Usually Hadoop is able to automatically recover cluster nodes from Unhealthy state by cleaning log and temporary directories. But sometimes nodes stay unhealthy for a long time and manual intervention is necessary to bring them back.
In one Hadoop cluster I found a node that has been running in unhealthy state for many days:
The Unhealthy state means that node is reachable, it runs the YARN NodeManager
but it can not be used to schedule task execution (run YARN containers) for various reasons. In my case the log message shows that there is no enough disk space on the node.
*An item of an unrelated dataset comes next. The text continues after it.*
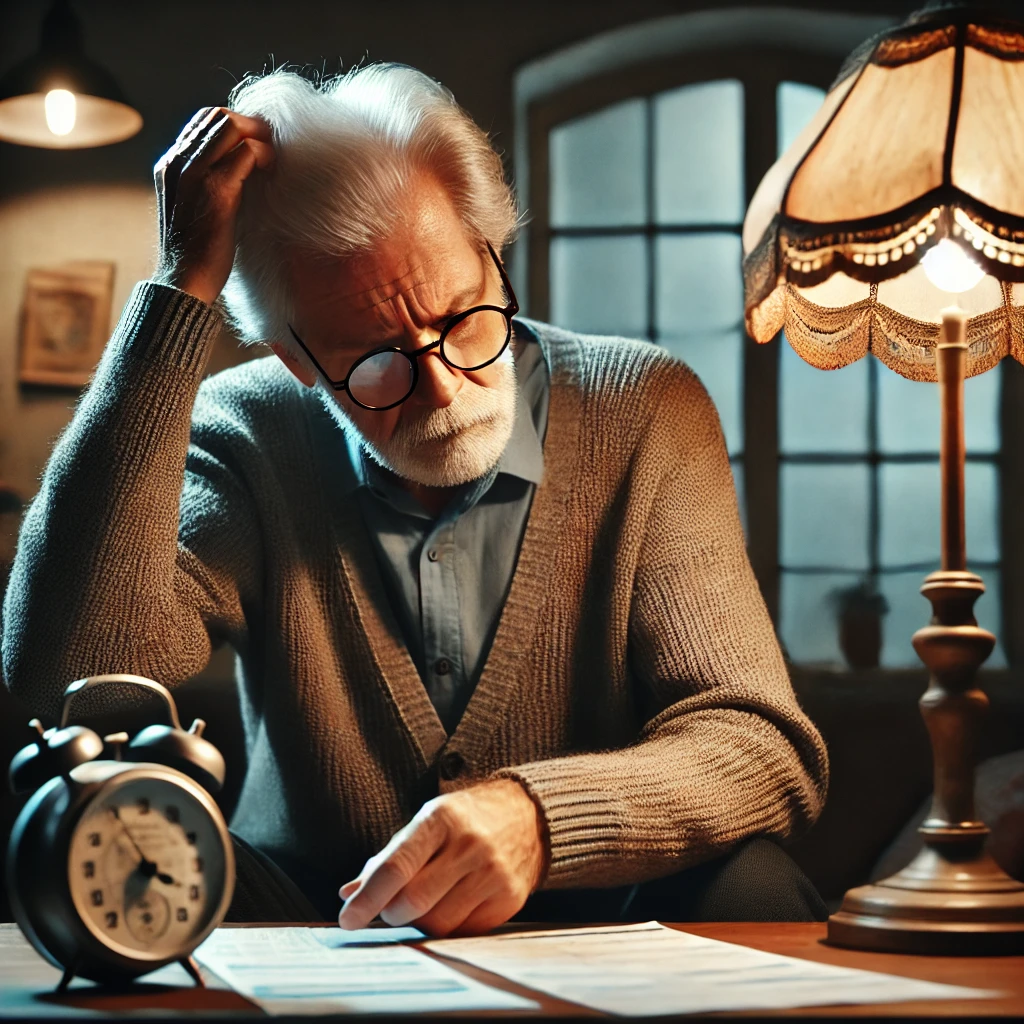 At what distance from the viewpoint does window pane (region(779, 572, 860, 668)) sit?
3.05 meters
Connecting to the node I see that /mnt1
and /var
have enough space while /emr
is full:
$ ssh -i "private_key_file" root@ip_address $ df -h Filesystem Size Used Avail Use% Mounted on ... /dev/xvda1 50G 6.6G 43G 14% / /dev/xvdb1 5.0G 5.0G 20K 100% /emr /dev/xvdc 153G 9.3G 144G 7% /mnt1
/emr
directory is used by the EMR services managing the node:
$ du -sh /emr/* 16K /emr/apppusher 143M /emr/instance-controller 565M /emr/instance-state 4.1G /emr/logpusher 177M /emr/service-nanny 56K /emr/setup-devices du -sh /emr/logpusher/* 8.0K /emr/logpusher/db 0 /emr/logpusher/lib 4.1G /emr/logpusher/log 4.0K /emr/logpusher/run
For some reason logpusher
was unable to rotate and clean its logs, so I removed them manually.
Then I noticed that the EMR services were not running on this node:
$ sudo /etc/init.d/instance-controller status Not Running [WARNING] $ sudo /etc/init.d/service-nanny status Not Running [WARNING] $ sudo /etc/init.d/logpusher status Not Running [WARNING]
So I had to start them manually (replacing status
with start
in the commands above). The last step was to restart the NodeManager
:
$ sudo stop hadoop-yarn-nodemanager $ sudo yarn nodemanager &
And now the node is back.